In the description of the present invention, it is to be understood that the terms "length", "width", "upper", "lower", "front", "rear", "left", "right", "vertical", "horizontal", "top", "bottom", "inner", "outer", and the like, indicate orientations or positional relationships based on the orientations or positional relationships illustrated in the drawings, and are used merely for convenience in describing the present invention and for simplicity in description, and do not indicate or imply that the devices or elements referred to must have a particular orientation, be constructed in a particular orientation, and be operated, and thus, are not to be construed as limiting the present invention. Further, in the description of the present invention, "a plurality" means two or more unless specifically defined otherwise.

Referring to fig. 1 to 5, the present invention provides a non-contact blending system, which includes a blending mechanism 1 for placing a blending cup, a bottom plate 2 for supporting the blending mechanism 1, a synchronization mechanism 3 for driving the blending mechanism 1, and a power source 4 for providing power for the synchronization mechanism 3;

the power source 4 and the synchronization mechanism 3 are respectively arranged on the bottom plate 2;

mixing mechanism 1 includes reaction cup seat 11, reaction cup seat 12, main crankshaft 13, inferior bent axle 14 and bearing seat 15, 11 fixed mounting of reaction cup seat are in on the reaction cup seat 12, bearing seat 15 fixed mounting in on the bottom plate 2 for place the bearing, main crankshaft 13 with inferior bent axle 14 runs through respectively bearing seat 15, main crankshaft 13's one end with reaction cup seat 12 fixed connection, main crankshaft 13's the other end with synchronizing mechanism 3 rotates and connects, inferior bent axle 14's one end with bottom plate 2 fixed connection, inferior bent axle 14's the other end with reaction cup seat 12 sliding connection.
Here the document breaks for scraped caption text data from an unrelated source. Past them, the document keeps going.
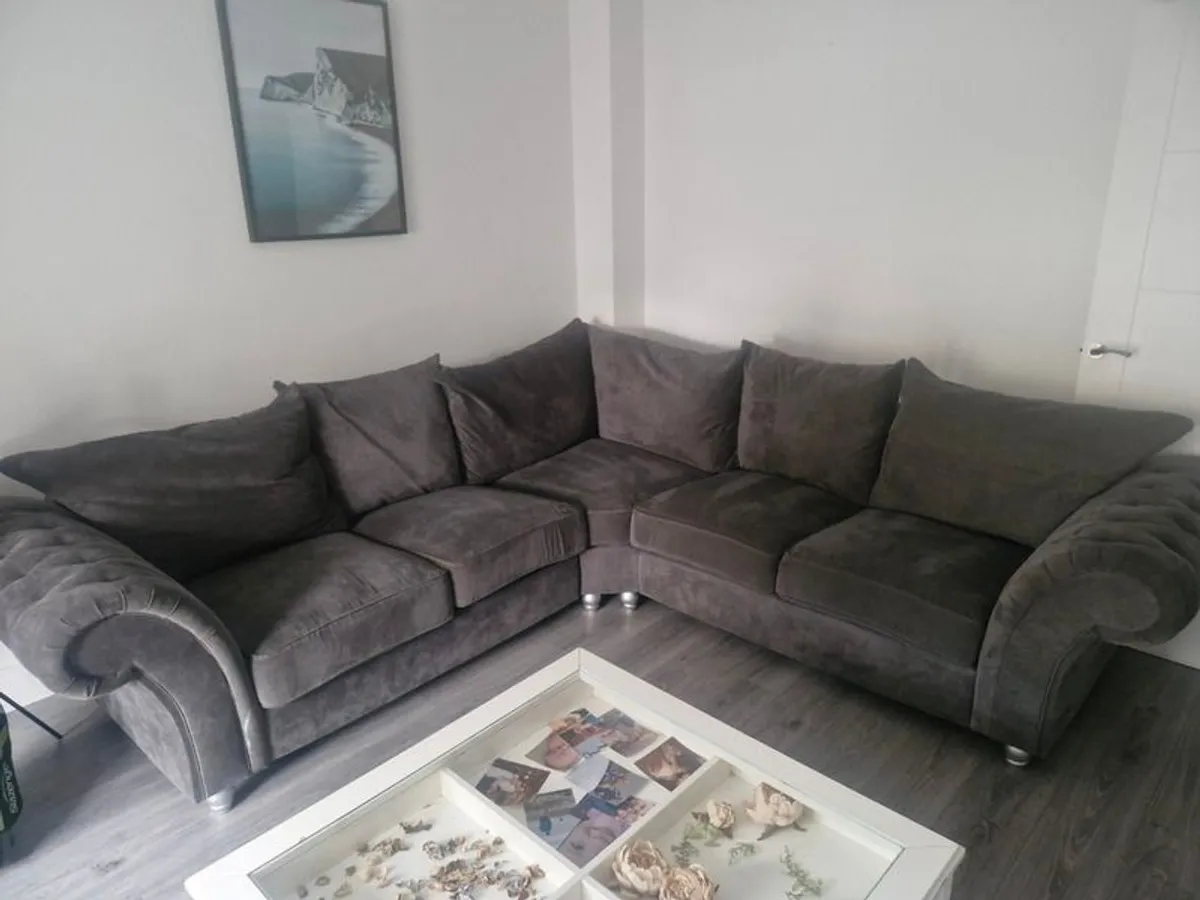 Sofa - Image 3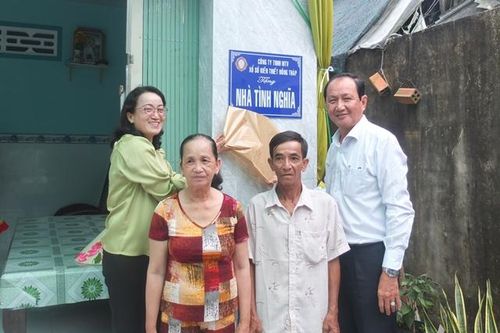 Bàn giao 102 căn nhà tình nghĩa cho gia đình chính sách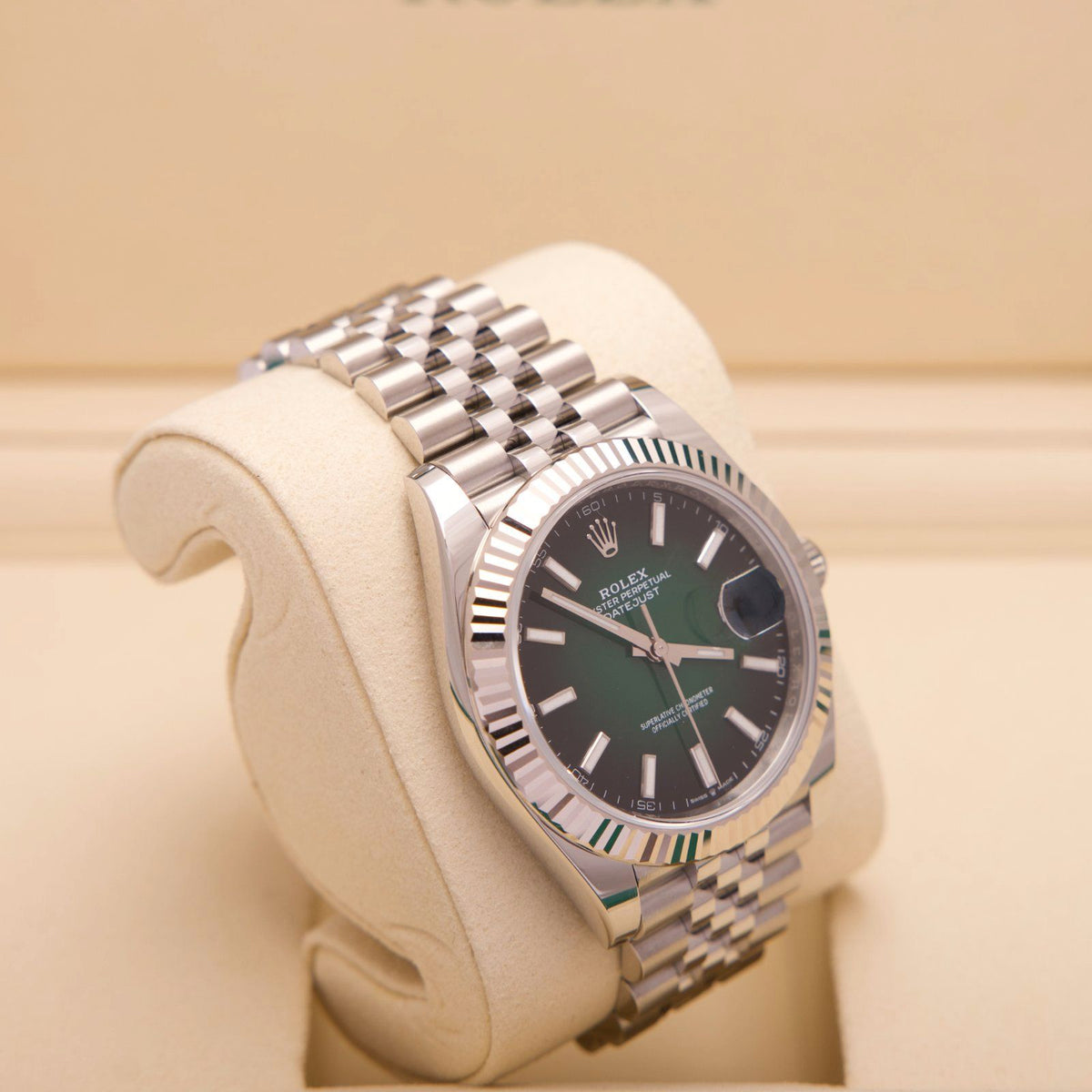 Rolex Datejust 41 – Ref. 126334 | Green Ombré Dial | 41 mm | 10/2026 | LC100 | Neu & Ungetragen | Fullset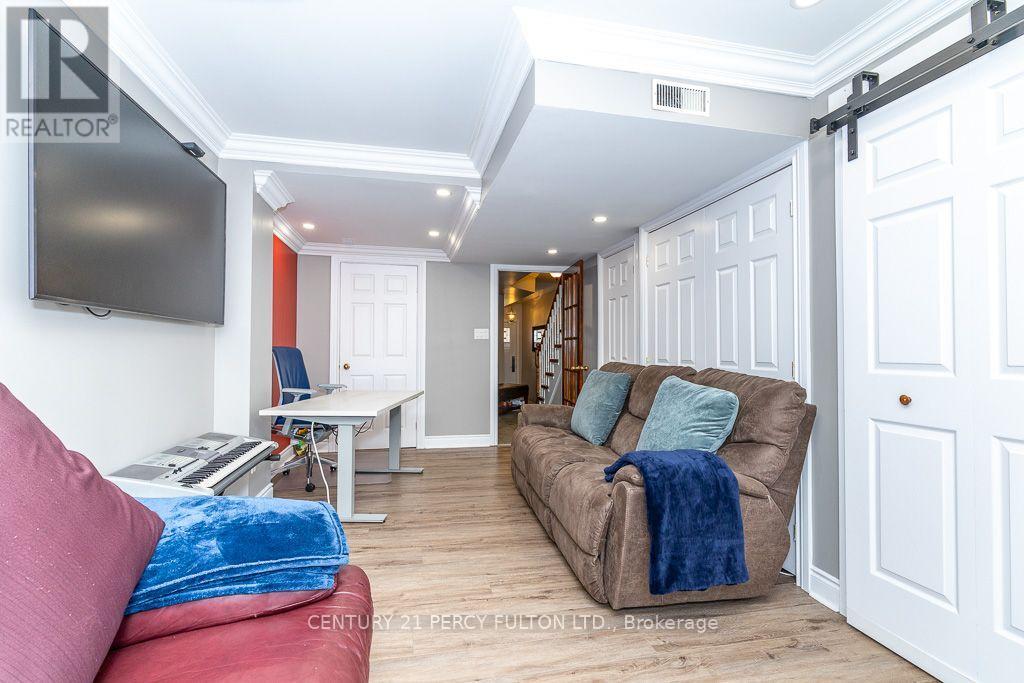 28 RUMI CRESCENT - 8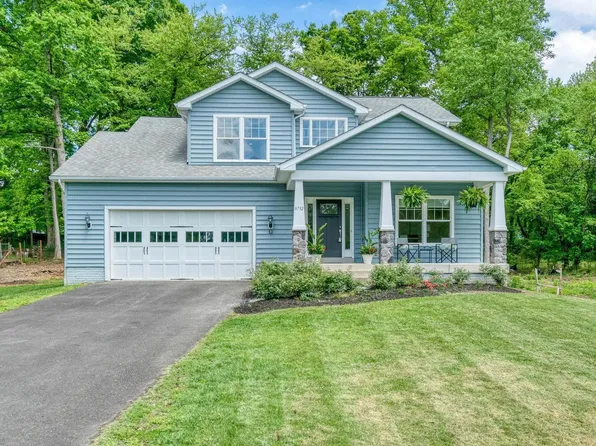 8732 Redman St, Springfield, VA 22153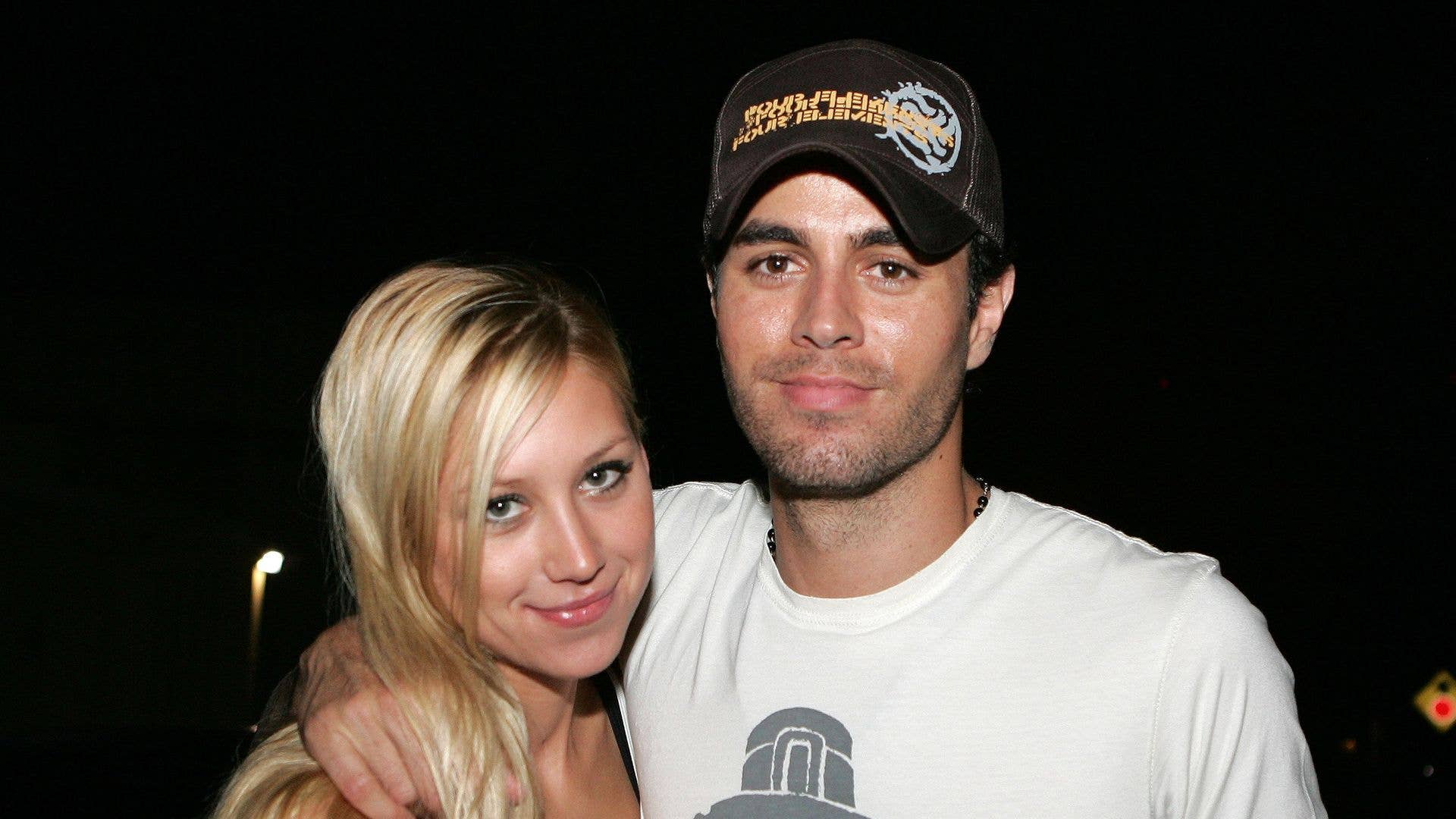 Enrique Iglesias and Anna Kournikova's 3 blond-haired kids are so grown up in new home photo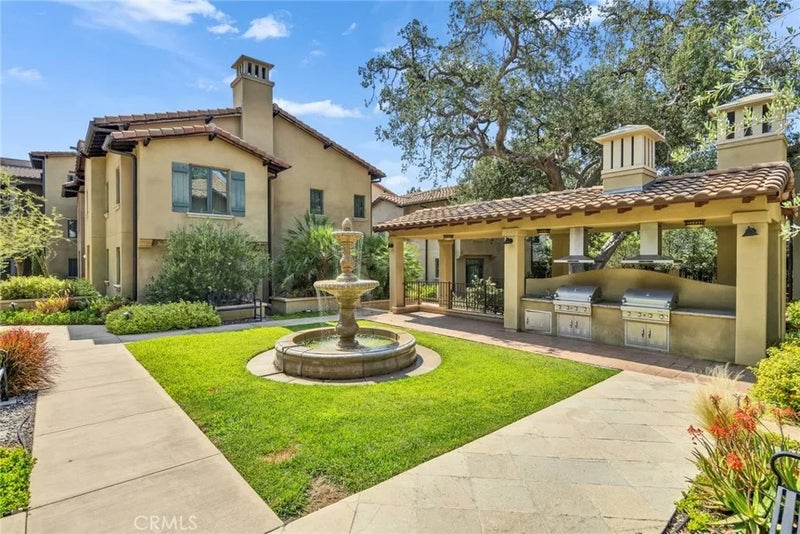 168 S Sierra Madre Boulevard 113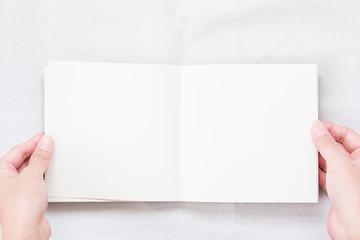 Obraz premium Opened blank no lined notebook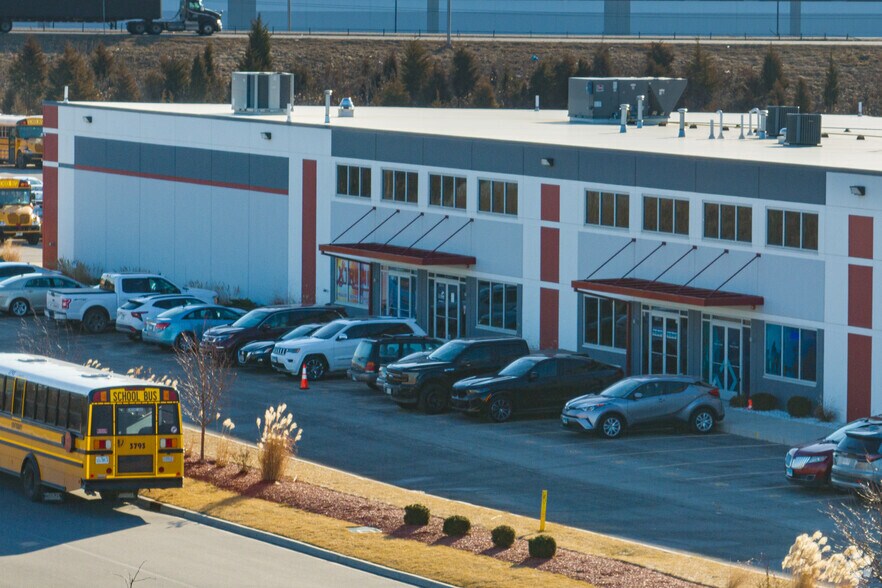 More Photos Of 21701 Central Ave, Matteson Parking Lot For Lease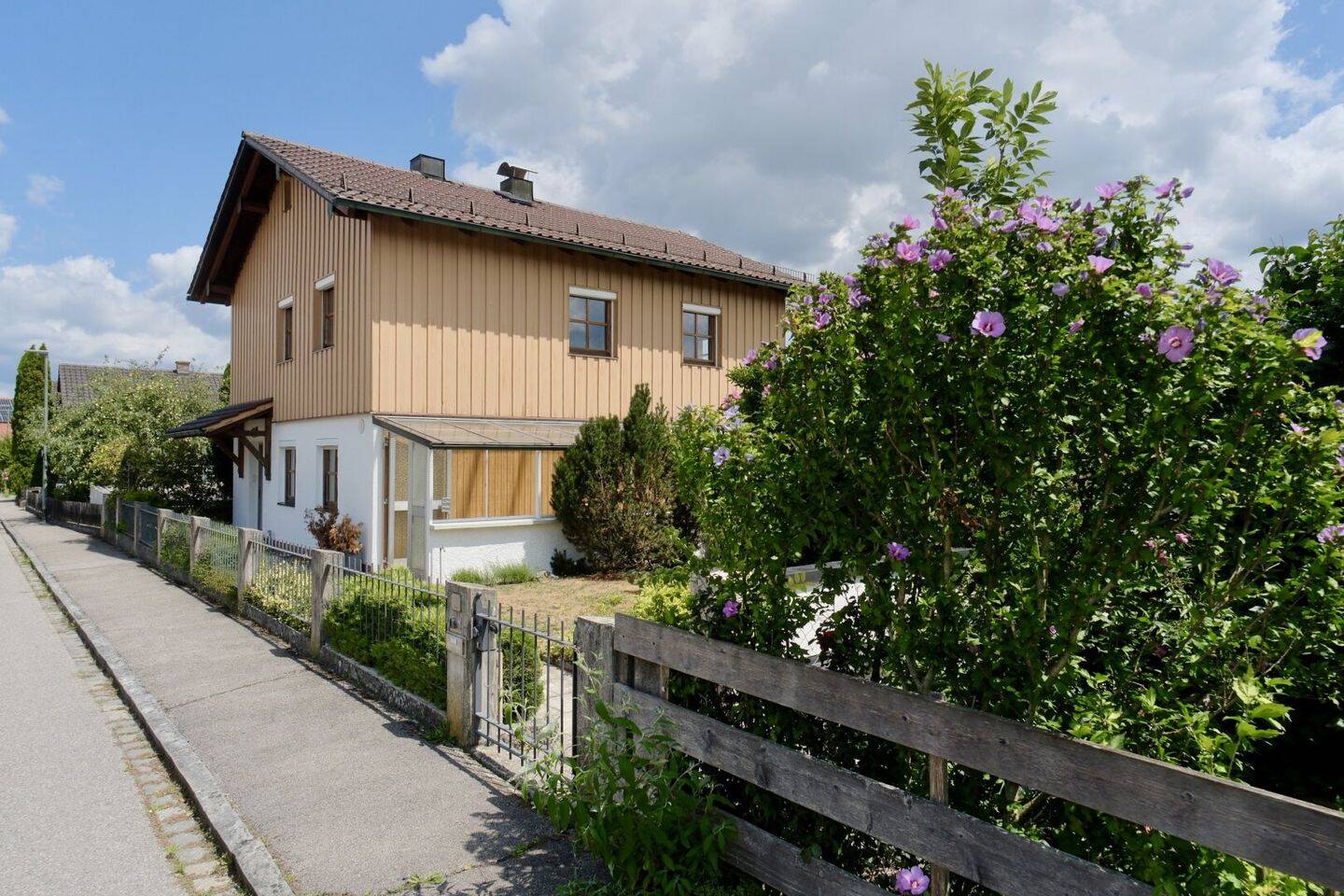 Einfamilienhaus – Ein Refugium mit Garten, Fernblick und Wasserquelle!, 84489 Burghausen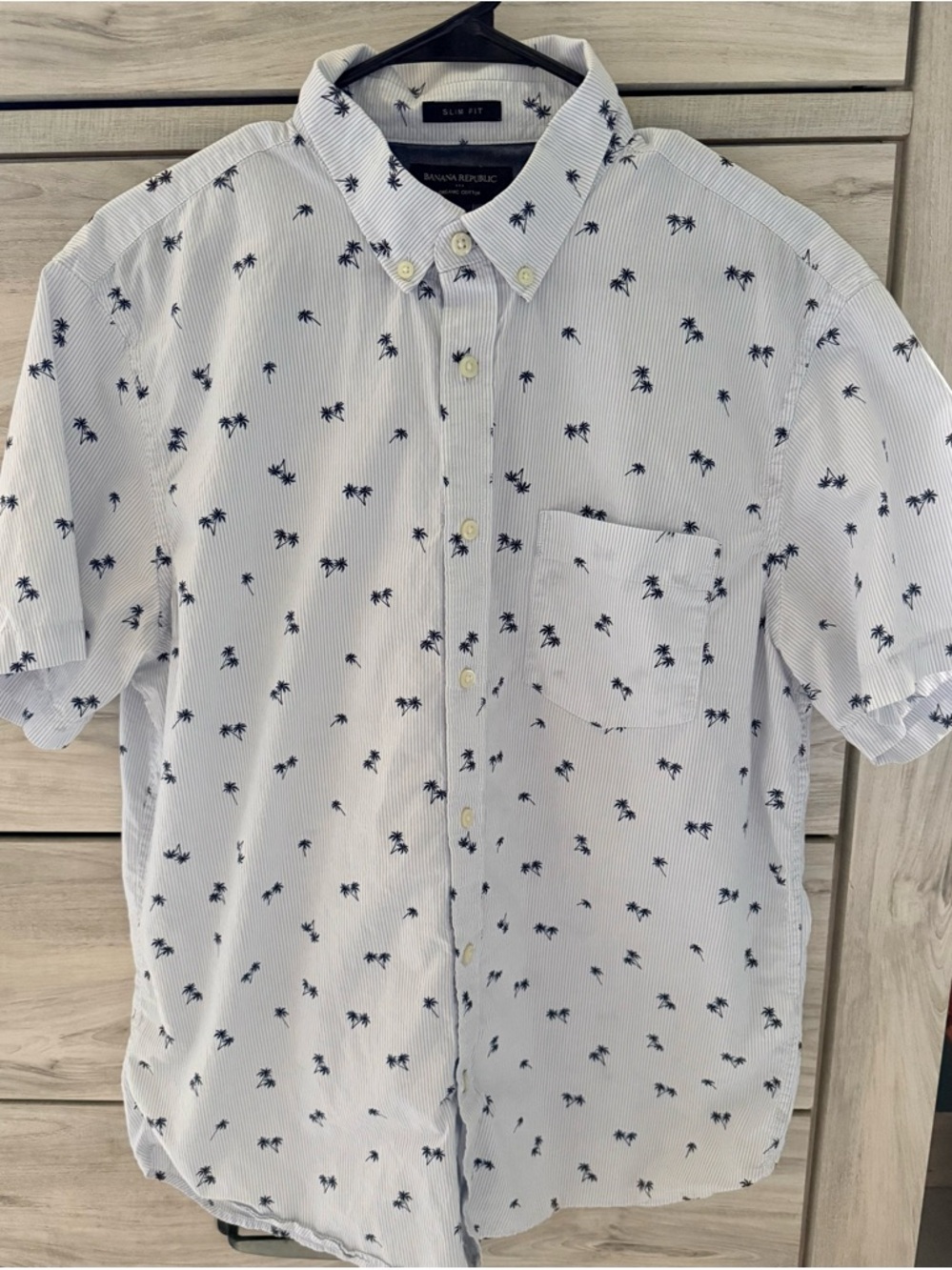 Banana Republic Men’s White Short-Sleeve Palm Print Button-Down Shirt, L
Further, referring to fig. 4, the main crankshaft 13 includes a main concentric shaft 131 connected to the synchronization mechanism 3, the main concentric shaft 131 penetrates through the bearing seat 15 and then is connected to the synchronization mechanism 3, a main shaft large step 132 is integrally disposed at the top of the main concentric shaft 131, a main eccentric shaft 133 is integrally disposed at the top of the main shaft large step 132, a main shaft small step 134 is integrally fixed at the outer side of the main eccentric shaft 133, and the main eccentric shaft 133 is connected to the reaction cup seat 12 through a bearing.

Further, referring to fig. 4, the secondary crankshaft 14 includes a secondary concentric shaft 141 fixed on the bottom plate 2, a secondary shaft large step 142 is integrally fixed on a top of the secondary concentric shaft 141, a secondary eccentric shaft 143 is integrally fixed on a top of the secondary shaft large step 142, and the secondary eccentric shaft 143 is connected with the reaction cup holder 12 through a bearing.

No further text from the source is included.